Using AWS Data Pipeline - AWS Prescriptive Guidance

Using AWS Data Pipeline

AWS Data Pipeline is a web service that you can use to automate the movement and transformation of data. Using Data Pipeline, you can create a pipeline to export table data from the source account. The exported data is stored in an Amazon Simple Storage Service (Amazon S3) bucket in the target account. The S3 bucket in the target account must be accessible from the source account. To allow this cross-account access, update the access control list (ACL) in the target S3 bucket.

Create another pipeline in the target account (Account-B) to import data from the S3 bucket into the table in the target account.
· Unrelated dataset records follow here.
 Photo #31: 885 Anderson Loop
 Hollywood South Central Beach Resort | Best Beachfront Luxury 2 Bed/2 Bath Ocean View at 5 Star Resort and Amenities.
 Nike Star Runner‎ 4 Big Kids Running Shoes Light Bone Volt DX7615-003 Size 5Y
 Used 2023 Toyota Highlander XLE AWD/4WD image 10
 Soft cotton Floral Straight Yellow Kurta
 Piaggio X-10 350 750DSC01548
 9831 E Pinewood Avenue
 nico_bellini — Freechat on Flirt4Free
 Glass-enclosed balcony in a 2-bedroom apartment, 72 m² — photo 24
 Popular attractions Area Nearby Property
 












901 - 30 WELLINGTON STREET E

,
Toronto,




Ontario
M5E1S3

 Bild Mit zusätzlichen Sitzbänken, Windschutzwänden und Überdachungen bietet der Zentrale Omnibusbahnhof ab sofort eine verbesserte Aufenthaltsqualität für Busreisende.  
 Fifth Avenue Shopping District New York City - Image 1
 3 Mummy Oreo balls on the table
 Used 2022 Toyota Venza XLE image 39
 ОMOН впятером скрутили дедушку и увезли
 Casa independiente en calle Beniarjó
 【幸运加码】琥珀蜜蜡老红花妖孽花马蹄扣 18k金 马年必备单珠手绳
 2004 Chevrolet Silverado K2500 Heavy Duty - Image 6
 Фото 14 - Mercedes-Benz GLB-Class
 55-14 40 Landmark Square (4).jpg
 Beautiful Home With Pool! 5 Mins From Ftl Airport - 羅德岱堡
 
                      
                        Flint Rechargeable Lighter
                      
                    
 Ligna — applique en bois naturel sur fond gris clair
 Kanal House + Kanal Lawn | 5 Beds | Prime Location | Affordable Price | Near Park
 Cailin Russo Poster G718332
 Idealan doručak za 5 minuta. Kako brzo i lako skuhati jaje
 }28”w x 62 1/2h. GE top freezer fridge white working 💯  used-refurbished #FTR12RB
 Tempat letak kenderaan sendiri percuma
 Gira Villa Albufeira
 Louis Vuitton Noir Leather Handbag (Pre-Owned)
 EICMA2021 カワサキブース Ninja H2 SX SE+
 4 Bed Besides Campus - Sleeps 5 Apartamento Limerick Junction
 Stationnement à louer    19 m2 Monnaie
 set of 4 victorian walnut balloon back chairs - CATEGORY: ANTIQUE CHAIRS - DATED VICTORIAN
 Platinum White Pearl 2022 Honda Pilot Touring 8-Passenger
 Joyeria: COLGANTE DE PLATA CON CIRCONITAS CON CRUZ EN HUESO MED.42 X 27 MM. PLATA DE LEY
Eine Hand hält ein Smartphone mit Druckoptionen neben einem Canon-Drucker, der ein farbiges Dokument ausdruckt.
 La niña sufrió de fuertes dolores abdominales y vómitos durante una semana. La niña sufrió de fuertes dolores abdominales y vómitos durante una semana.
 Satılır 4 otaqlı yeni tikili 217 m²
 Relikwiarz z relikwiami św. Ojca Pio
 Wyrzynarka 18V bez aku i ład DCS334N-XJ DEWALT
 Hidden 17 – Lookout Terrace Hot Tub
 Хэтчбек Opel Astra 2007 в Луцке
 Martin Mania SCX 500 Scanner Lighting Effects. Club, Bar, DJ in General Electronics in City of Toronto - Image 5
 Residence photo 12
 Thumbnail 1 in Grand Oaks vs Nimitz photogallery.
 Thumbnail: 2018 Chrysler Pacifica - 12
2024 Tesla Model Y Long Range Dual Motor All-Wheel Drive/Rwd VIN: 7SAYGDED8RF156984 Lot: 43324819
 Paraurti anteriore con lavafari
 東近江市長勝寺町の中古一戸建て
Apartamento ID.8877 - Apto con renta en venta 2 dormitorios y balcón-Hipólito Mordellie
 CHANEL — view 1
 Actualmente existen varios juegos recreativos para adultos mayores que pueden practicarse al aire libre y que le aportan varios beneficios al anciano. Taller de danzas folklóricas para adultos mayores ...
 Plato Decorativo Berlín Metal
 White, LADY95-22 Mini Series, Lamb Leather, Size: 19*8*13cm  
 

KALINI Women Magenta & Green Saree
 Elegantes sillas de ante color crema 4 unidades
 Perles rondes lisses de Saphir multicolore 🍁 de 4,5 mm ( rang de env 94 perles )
This was the traditional way to back up Amazon DynamoDB tables to Amazon S3 and to restore from Amazon S3 until AWS Glue introduced support for reading from DynamoDB tables natively.

Advantages

  • It's a serverless solution.

  • No new code is required.

  • AWS Data Pipeline uses Amazon EMR clusters behind the scenes for the job, so this approach is efficient and can handle large datasets.

Drawbacks

  • Additional AWS services (Data Pipeline and Amazon S3) are required.

  • The process consumes provisioned throughput on the source table and the target tables involved, so it can affect performance and availability.

  • This approach incurs additional costs, over the cost of DynamoDB read capacity units (RCUs) and write capacity units (WCUs).